Well, I believe I’m depressed again. That’s why I haven’t been keeping up with the blog. But I’m back now because not writing here is all part of isolating, which only makes things worse.
I finally finished the preventive medicine rotation. And I’m never going back to that, thankfully. I really wasn’t expecting to not like it as much as I did, but oh well…I learned something new about myself, I guess?
And depression, well, it’s been kicking my ass. In a weird way. I’m sleeping a bit more than usual, which is the norm for me when I’m depressed. However, what’s really bugging me this time around is anxiety. It’s really screwing up with my head. And that’s why I say the depression is kind of weird this time around, because I had never really felt so on edge during the previous episodes I’ve had.
I’ve found myself thinking about death and suicide all the time again. I’d never before had such a long period of time where I didn’t think about these things, so now that I’m back in that little hole I’m a bit frustrated. But whatever, it’s all part of this thing called DERPession.
So far I’ve had two days where I truly felt I was going to do something. One of them was the day before I saw G last week. I ended up telling her “I don’t know how I made it to today, and now since I didn’t kill myself I have to take the preventive medicine final exam in two days.” She chuckled, and so did I. Priorities, you ask? Yeah, I don’t know what those are anymore.
I had G give me a good slap in the face this last week (figuratively speaking, of course). I was so angry during therapy with her, angry at her and angry at everything, really. I’d given up on everything for the one-hundredth time in my life and was just a bouncing ball of anger. She confronted me, put me back in track. It lasted a few days, but then I had a horrible nightmare that made the shit hit the fan again.
The nightmare was about The Ex, and it felt very real. It was as though these past 4 years had never happened. I was back in the abuse…him touching me, blah blah blah. The horrible part was how it felt so real in the dream, how I felt exactly as I did in real life. What I felt was the horrible mix and confusion of having my body react to what he was doing but having my mind going haywire and screaming I DON’T FEEL COMFORTABLE WITH THIS, THIS FEELS ‘BAD’, GET AWAY FROM ME. I don’t know if anyone who’s never experienced this could ever truly understand just how horrible that feels and the deep shame you feel afterwards.
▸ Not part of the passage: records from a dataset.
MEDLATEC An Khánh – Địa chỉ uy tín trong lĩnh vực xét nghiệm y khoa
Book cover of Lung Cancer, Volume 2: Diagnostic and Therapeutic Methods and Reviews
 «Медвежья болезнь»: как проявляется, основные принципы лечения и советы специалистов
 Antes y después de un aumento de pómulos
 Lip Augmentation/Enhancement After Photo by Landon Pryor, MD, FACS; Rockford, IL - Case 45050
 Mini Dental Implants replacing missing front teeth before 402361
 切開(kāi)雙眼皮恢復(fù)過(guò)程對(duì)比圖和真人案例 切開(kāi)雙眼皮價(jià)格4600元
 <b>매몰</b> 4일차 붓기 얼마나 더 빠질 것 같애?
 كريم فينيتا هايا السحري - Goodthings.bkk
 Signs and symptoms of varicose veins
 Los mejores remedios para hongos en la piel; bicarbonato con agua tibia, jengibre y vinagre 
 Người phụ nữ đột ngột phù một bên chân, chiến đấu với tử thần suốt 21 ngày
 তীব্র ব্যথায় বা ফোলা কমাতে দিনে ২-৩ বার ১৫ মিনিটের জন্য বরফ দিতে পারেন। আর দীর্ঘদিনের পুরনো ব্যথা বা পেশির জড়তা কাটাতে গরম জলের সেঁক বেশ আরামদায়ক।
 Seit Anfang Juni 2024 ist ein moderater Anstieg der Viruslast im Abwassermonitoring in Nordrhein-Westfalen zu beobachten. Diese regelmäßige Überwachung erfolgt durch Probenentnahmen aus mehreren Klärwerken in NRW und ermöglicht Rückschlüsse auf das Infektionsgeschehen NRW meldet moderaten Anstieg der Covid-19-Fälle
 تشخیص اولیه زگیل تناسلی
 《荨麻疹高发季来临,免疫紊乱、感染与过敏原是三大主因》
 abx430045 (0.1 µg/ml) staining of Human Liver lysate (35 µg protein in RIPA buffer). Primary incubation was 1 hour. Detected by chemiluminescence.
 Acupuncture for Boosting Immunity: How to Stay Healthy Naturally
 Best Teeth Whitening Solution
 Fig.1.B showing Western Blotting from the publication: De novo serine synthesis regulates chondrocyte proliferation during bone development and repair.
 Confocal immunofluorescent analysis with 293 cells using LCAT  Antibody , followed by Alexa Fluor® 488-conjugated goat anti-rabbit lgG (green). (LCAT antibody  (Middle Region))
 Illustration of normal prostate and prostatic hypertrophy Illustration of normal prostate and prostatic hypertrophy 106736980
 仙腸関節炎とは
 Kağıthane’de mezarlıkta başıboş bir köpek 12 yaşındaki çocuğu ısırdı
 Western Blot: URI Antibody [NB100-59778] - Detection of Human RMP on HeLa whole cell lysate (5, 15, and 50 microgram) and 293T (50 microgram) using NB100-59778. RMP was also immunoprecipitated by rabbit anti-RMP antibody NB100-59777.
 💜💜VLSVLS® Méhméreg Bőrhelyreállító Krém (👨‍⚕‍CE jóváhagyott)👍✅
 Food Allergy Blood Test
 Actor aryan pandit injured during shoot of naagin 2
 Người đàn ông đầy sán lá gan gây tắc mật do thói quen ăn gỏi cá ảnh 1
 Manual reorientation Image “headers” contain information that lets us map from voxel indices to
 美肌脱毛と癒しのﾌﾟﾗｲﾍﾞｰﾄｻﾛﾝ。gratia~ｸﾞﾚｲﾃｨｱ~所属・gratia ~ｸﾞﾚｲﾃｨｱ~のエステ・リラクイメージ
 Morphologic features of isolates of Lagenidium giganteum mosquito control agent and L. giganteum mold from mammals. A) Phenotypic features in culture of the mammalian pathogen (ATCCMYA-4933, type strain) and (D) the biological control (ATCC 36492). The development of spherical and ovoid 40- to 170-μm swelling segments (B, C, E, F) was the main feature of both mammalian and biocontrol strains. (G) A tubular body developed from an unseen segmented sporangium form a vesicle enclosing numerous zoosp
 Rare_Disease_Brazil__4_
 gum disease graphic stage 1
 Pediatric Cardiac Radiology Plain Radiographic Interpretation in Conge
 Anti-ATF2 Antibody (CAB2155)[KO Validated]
And so, I woke up feeling an intolerable level of shame, I was anxious and I felt unreal. I felt I wasn’t part of the “real” outside world, but actually part of the world encompassing the nightmare and that that was reality, not what was around me. Another horrible feeling. It was my last day of the preventive medicine rotation, and I had tears streaming down my face as I was getting ready in the morning, knowing that I had to go to clinics but not knowing how the hell I was going to make it. I felt so horrible I didn’t even know if I was capable of driving in that state.
But somehow I made it. And somehow, I was able to distract myself at clinics. Then later at night I was afraid of going to sleep for fear of having another nightmare. Thankfully, I didn’t.
I swear, this had never happened to me before. What does it all mean? I tried to manage that day after the nightmare on my own, without contacting G or R, but shortly after midday I realized I needed help. And so I texted G for help. But she didn’t answer. Ouch. She probably saw the message but forgot to answer or whatever. It still hurts, though.
I don’t want that to happen again. Ever.